Fox, M.; Hebbard, G.; Brasseur, J.; Schwizer, W.
April 2003
Gut;Apr2003 Supplement 1, Vol. 52, pA42
Academic Journal
Background: Conventional manometry CM) with 5-8 oesophageal pressure channels and a lower oesophageal sphincter LOS) sleeve sensor is limited by poor resolution. HRM techniques with 21-32 pressure channels may increase diagnostic accuracy. Aim: To analyse quantitatively whether HRM improves the assessment of motility compared to CM, and to determine qualitatively the situations in which HRM provides clinically important information not obtained by conventional investigation including CM. Method: Control subjects and patients with dysphagia underwent HRM. 95 records were reviewed independently by two blinded physicians using both limited CM (pull-through plus 6 recording sites) and HRM analysis (all 32 sites). Further HRM records from dysphagic patients with non-diagnostic endoscopy and radiology were compared to the limited CM analysis to identify the additional information leading to positive diagnosis provided by HRM. Findings: Receiver-operating curve (ROC) analysis revealed for HRM at a sensitivity level of 90% a specificity of 100%, whereas for CMa specificity of 89% was associated with a sensitivity of 70%. Qualitative analysis demonstrated that HRM provided positive diagnoses in cases where conventional tests including CM were nondiagnostic.
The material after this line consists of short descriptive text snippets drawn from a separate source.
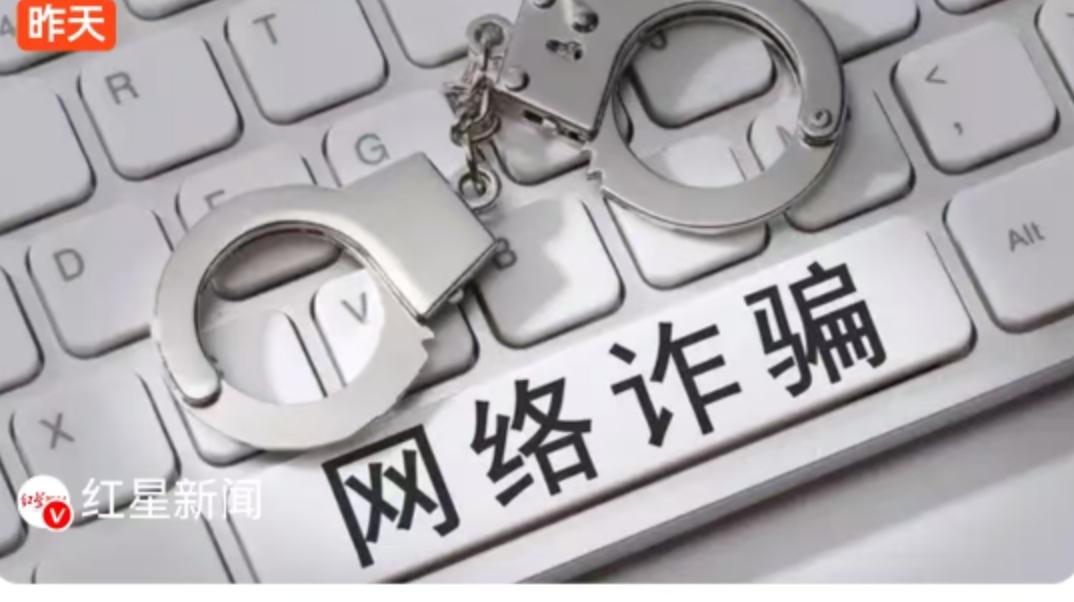 两百多万真金白银，本以为是给女儿寻得如意郎君，转眼却进了骗子的口袋。发生在湖南长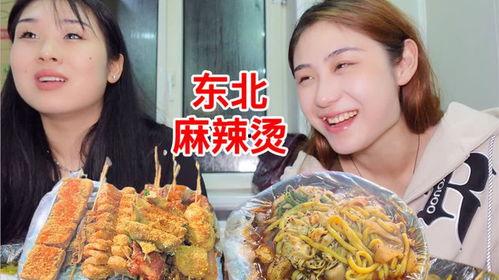 东北麻辣烫爆料视频,独家爆料视频带你探秘麻辣烫制作全过程  第2张 东北麻辣烫爆料视频,独家爆料视频带你探秘麻辣烫制作全过程  第2张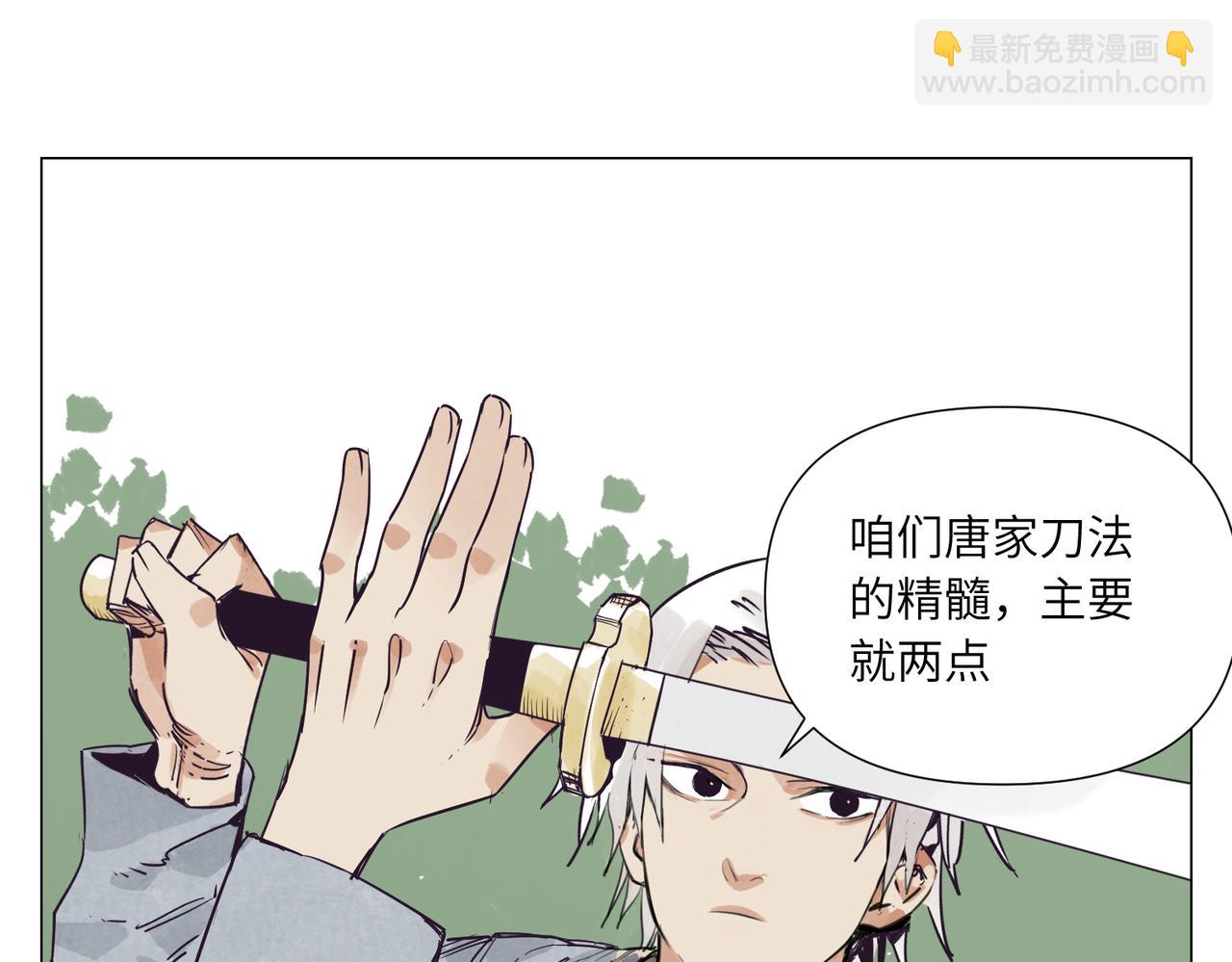 破城篇11 心慑3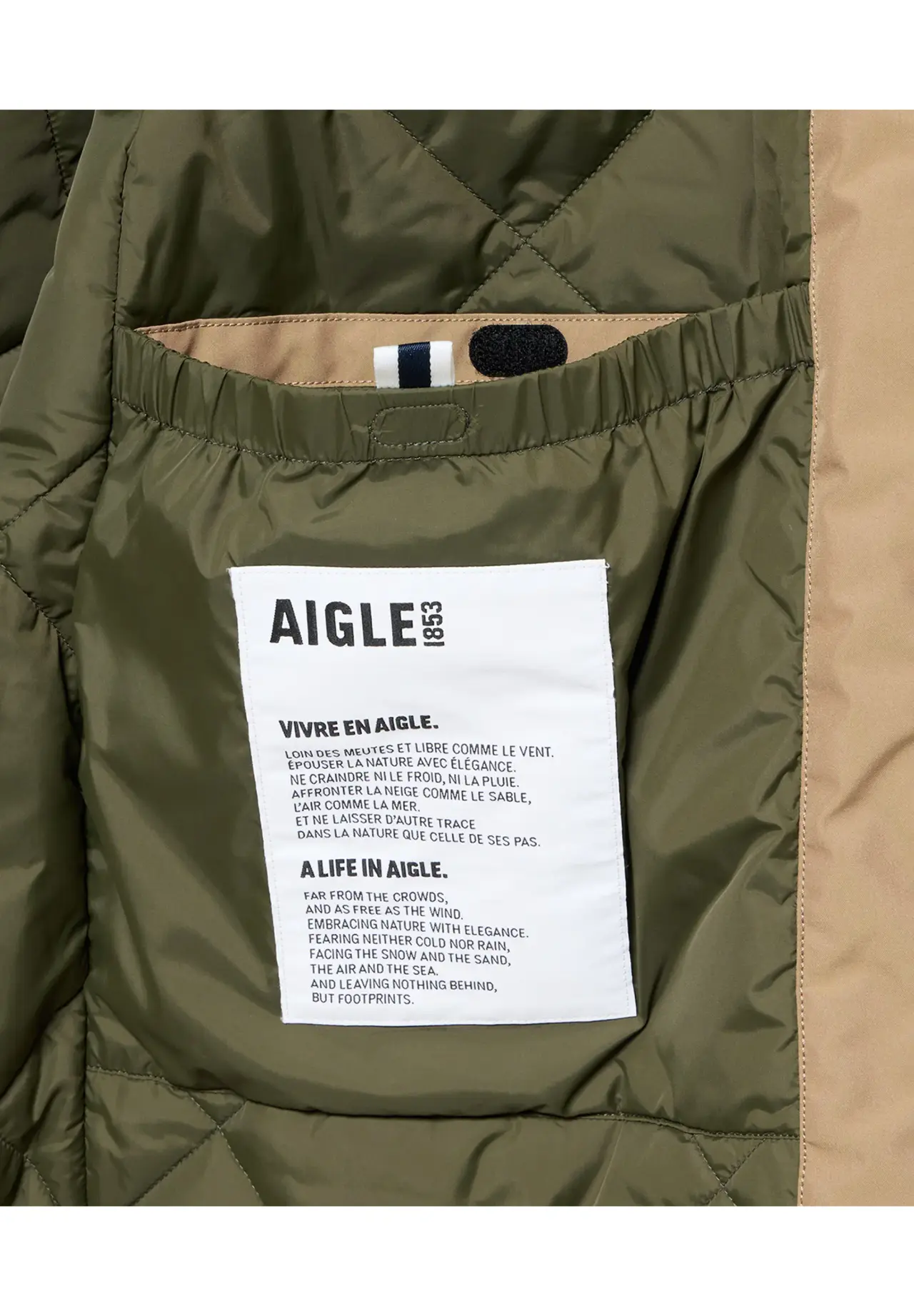 GORE-TEX ゴアテックス フィッシュテールジャケット | Matsuya Ginza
Advantages included: (i) detection of Iocalised disturbances of peristalsis (eg sub-mucosal leiomyoma); (ii) ability to locate and follow LOS movement during esophageal spasm without loss of detail (eg vigorous achalasia with pseudo-relaxation); and (iii) detailed analyses of LOS pressure topography (eg dysfunction post-fundoplication). Conclusion: HRM is more accurate than CM and identifies clinically important peristaltic and LOS dysfunction not detected by conventional investigations including CM.